My biggest take aways
Create a learning catalogue
When learning something new it is easy to get lost in all the different opinions and conversations around the field. It is important to do some research and list out all the important topics to cover before diving in head first. What I always find myself doing before is getting lost in the minor topics such as "how to optimise x", "comparison between y and x" and etc. These type of knowledge can be very useful when I get to the "use" stage, because knowing about all these would help me to understand the best practices and thus teach others about it. But being exposed to it too early will distract me away from the more important things.

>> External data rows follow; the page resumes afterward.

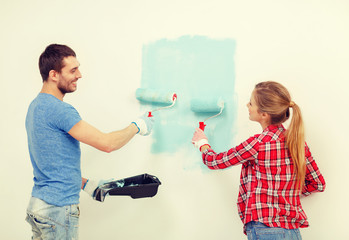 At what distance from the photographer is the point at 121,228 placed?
1.70 metres

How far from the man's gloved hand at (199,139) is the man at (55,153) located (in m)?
0.32

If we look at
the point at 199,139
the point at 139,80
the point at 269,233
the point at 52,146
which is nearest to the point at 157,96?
the point at 139,80

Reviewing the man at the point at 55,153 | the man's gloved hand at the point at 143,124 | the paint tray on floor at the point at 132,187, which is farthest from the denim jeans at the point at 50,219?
the man's gloved hand at the point at 143,124

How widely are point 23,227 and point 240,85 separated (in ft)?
4.42

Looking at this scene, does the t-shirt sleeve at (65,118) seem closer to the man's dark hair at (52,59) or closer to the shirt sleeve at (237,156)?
the man's dark hair at (52,59)

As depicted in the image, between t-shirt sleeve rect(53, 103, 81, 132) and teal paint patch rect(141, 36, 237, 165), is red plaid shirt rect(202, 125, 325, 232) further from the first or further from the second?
t-shirt sleeve rect(53, 103, 81, 132)

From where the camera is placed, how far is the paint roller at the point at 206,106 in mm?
1488

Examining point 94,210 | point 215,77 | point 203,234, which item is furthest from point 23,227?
point 215,77

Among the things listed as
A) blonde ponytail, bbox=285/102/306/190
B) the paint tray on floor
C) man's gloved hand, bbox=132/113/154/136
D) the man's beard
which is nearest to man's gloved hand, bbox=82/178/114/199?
the paint tray on floor

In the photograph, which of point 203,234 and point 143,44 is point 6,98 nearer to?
point 143,44

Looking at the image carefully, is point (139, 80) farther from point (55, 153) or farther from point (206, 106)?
point (55, 153)

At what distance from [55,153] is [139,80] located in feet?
1.87

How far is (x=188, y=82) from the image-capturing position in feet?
5.19

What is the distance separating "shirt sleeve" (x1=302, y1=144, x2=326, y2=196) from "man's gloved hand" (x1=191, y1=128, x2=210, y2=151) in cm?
40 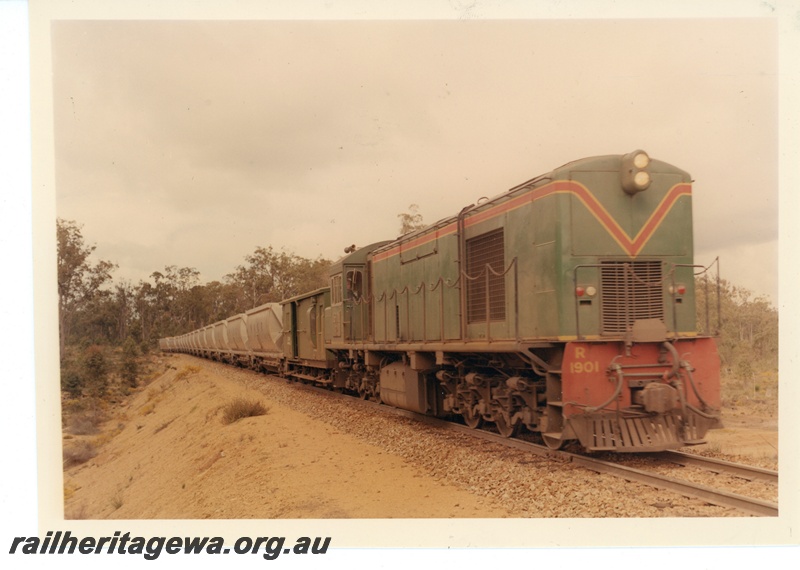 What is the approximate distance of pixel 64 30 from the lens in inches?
261

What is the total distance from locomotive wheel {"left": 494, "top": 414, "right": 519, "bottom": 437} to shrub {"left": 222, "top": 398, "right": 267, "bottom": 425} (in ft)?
17.1

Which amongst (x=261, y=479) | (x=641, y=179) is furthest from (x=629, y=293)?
(x=261, y=479)

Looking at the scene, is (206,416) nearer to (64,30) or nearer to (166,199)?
(166,199)

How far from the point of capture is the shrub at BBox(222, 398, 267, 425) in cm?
1148

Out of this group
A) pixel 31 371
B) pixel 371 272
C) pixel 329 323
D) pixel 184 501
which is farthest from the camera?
pixel 329 323

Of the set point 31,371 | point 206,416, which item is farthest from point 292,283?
point 31,371

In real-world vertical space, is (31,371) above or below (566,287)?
below

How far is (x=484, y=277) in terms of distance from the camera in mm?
8398

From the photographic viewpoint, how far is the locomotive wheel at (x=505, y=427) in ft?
25.5

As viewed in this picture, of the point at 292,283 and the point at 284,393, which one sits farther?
the point at 292,283

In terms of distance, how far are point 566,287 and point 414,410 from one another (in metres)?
4.20

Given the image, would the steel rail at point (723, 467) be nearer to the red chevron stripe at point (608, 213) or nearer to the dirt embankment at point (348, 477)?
the dirt embankment at point (348, 477)

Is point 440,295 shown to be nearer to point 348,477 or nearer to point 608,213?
point 608,213

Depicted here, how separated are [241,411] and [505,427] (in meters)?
5.60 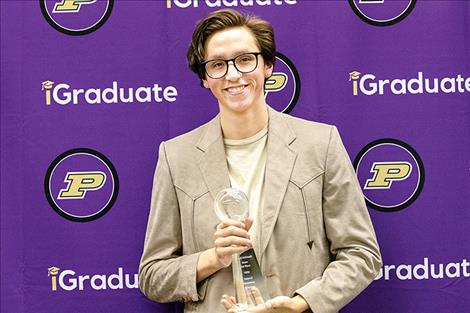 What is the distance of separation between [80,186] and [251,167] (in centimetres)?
70

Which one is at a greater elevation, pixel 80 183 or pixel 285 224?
pixel 80 183

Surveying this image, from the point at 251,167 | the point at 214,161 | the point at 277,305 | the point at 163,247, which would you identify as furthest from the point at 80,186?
the point at 277,305

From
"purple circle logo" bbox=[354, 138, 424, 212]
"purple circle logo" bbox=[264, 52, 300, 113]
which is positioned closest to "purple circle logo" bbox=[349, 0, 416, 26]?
"purple circle logo" bbox=[264, 52, 300, 113]

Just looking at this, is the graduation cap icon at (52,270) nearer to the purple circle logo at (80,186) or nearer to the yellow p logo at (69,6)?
the purple circle logo at (80,186)

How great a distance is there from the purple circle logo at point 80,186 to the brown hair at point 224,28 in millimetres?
603

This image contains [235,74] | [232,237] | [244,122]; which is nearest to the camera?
[232,237]

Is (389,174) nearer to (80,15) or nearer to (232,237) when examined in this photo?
(232,237)

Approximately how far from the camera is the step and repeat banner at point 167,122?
A: 97.7 inches

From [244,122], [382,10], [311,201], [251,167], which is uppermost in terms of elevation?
[382,10]

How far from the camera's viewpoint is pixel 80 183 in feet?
8.34

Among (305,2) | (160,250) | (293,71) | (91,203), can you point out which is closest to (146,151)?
(91,203)

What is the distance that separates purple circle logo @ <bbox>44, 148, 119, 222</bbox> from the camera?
2535mm

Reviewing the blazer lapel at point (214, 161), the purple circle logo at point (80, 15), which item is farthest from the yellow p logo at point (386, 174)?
the purple circle logo at point (80, 15)

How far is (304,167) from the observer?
85.6 inches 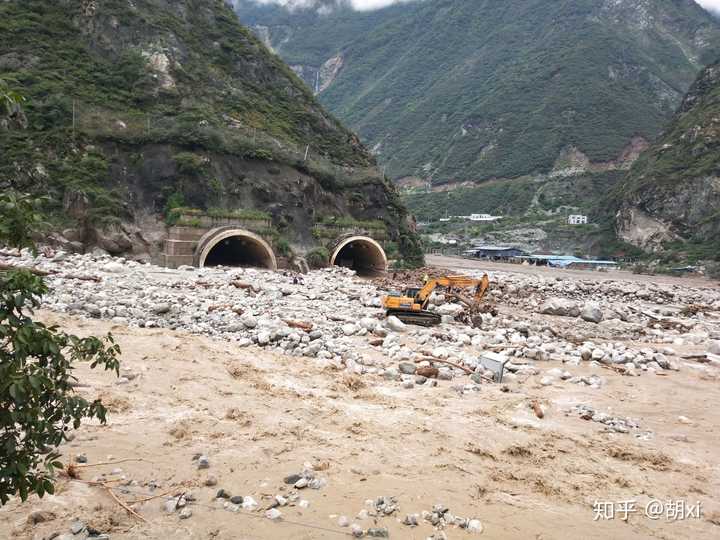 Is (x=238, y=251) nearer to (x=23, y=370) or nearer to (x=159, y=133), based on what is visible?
(x=159, y=133)

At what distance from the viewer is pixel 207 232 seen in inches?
1007

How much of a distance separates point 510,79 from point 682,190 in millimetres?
67640

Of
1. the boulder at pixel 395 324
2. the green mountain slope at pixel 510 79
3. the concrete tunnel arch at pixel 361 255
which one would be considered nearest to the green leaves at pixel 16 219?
the boulder at pixel 395 324

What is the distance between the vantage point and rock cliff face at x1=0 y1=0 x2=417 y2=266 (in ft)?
82.6

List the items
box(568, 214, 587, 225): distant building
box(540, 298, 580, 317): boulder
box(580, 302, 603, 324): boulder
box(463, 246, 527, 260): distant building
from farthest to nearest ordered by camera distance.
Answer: box(568, 214, 587, 225): distant building
box(463, 246, 527, 260): distant building
box(540, 298, 580, 317): boulder
box(580, 302, 603, 324): boulder

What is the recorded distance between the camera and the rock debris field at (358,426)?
5621 mm

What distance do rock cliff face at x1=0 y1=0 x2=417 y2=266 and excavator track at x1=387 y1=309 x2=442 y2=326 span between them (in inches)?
535

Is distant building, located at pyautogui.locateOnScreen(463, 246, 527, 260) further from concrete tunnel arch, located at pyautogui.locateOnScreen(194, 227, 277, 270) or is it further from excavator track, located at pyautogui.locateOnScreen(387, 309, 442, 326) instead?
excavator track, located at pyautogui.locateOnScreen(387, 309, 442, 326)

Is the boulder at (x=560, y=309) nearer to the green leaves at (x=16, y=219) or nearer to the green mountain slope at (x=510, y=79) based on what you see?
the green leaves at (x=16, y=219)

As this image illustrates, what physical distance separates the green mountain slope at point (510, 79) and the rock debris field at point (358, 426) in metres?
86.4

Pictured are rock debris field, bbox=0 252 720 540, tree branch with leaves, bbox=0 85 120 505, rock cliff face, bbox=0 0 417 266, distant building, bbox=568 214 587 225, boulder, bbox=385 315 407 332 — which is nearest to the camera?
tree branch with leaves, bbox=0 85 120 505

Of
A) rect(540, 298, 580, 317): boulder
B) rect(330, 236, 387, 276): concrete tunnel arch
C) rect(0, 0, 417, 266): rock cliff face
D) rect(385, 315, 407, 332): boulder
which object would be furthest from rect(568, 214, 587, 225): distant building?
rect(385, 315, 407, 332): boulder

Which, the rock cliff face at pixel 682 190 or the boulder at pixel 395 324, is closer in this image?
the boulder at pixel 395 324

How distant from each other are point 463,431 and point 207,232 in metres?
20.0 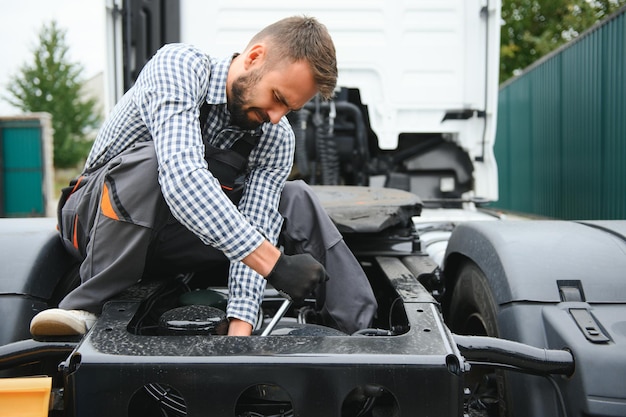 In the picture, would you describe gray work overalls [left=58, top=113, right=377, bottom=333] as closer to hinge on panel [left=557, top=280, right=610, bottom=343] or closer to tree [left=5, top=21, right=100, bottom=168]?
hinge on panel [left=557, top=280, right=610, bottom=343]

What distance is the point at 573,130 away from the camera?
31.6ft

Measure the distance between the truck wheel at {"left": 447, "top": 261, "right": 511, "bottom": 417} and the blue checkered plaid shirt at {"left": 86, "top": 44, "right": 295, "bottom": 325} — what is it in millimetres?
688

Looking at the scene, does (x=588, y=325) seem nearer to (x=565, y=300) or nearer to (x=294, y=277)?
(x=565, y=300)

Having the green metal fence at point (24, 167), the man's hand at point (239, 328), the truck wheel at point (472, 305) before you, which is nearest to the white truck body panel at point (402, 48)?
the truck wheel at point (472, 305)

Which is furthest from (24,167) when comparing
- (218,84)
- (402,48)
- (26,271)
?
(218,84)

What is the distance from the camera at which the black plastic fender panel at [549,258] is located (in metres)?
1.68

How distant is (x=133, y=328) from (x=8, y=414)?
42 centimetres

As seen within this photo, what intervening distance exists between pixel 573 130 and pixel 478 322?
334 inches

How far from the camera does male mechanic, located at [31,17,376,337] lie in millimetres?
1623

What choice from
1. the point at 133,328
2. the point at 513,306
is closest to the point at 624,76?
the point at 513,306

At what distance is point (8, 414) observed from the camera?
1.31 metres

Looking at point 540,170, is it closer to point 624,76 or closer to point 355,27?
point 624,76

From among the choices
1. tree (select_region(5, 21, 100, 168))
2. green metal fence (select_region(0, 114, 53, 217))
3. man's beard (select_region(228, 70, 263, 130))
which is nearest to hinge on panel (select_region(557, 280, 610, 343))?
man's beard (select_region(228, 70, 263, 130))

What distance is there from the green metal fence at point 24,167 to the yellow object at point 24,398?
45.4 ft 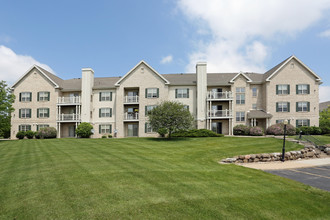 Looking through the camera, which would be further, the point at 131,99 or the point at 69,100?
the point at 69,100

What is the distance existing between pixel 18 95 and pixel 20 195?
117 feet

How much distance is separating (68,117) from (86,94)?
5.10m

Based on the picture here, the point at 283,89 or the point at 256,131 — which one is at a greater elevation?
the point at 283,89

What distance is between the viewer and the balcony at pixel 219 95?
1304 inches

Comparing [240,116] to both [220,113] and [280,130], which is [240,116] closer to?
[220,113]

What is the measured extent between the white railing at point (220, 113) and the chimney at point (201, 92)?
1.17m

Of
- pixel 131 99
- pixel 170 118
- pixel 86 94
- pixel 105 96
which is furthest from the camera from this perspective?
pixel 105 96

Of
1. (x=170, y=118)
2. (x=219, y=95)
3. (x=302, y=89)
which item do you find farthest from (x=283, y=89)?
(x=170, y=118)

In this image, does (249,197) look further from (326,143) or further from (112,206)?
(326,143)

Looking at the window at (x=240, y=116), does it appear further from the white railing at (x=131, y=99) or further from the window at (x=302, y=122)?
the white railing at (x=131, y=99)

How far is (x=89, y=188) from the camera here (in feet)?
23.4

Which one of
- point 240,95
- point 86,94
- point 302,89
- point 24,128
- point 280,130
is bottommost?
point 24,128

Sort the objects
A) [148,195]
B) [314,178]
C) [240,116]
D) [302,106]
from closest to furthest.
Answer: [148,195] < [314,178] < [302,106] < [240,116]

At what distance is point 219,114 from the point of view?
33.6 m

Personal projects helps to learn
Some might argue that different people learn differently, but here I'm going to recommend no matter what your learning process is, be sure to create something as you learn.
I have 3 reasons:
- Getting your hands dirty will help your brain to strengthen the neural pathways created by reading/watching. So you remembered things better and will be able to recall things later.
- Nowadays, it is important to show evidence of your work when applying for jobs. The ability to demonstrate you skills is essential for getting a senior role. For example, if I'm applying for a tech lead role. I'm going to need more than a few line of text on a CV to convince them that I have the right skills for the job.
- The last reason is actually the most important one for me. When trying to do something, no doubt I'll encounter problems. This forces me to think about digest the spoon fed information better.
In the world of software engineering, there are a lot of old technology and even more new technology. Learning new things is always more exciting and probably will provide better job security. But it is not always the case, for example languages such as C is 45 years old, it was introduced back in 1972. But it is still widely used today.
- The syntax is user friendly
- When working on simple single page applications the set up is straight forward
- There are a lot of resources online, in terms of plugins, questions and answers
Find a role that creates opportunity to learn
When working as the same role for too long, it could prevent a person to reaching the next step. Not because the person doesn't want to learn, instead the role simply does not provide the opportunities to do so. For example, code maintenance can teach me a lot about how other people work and this would be extremely useful I was at the "learn" stage. However, I could never reach "expert" stage by maintaining code everyday. This might not be a problem if being an expert is not one of your career goals, but if it was then I would recommend changing the role or job.
I often find a person can learn 80% of the skills related to his/her work within 3 months. Continuing doing the same thing will have little benefit after that. Of course this is just an timeframe I came up with based on my experience, so take it with a pinch of salt.
This blog was more or less a brain dump of the ideas I have been having recently after helping to develop the new competency model. I hope it was a useful read, and please leave comments to let me know how you found it.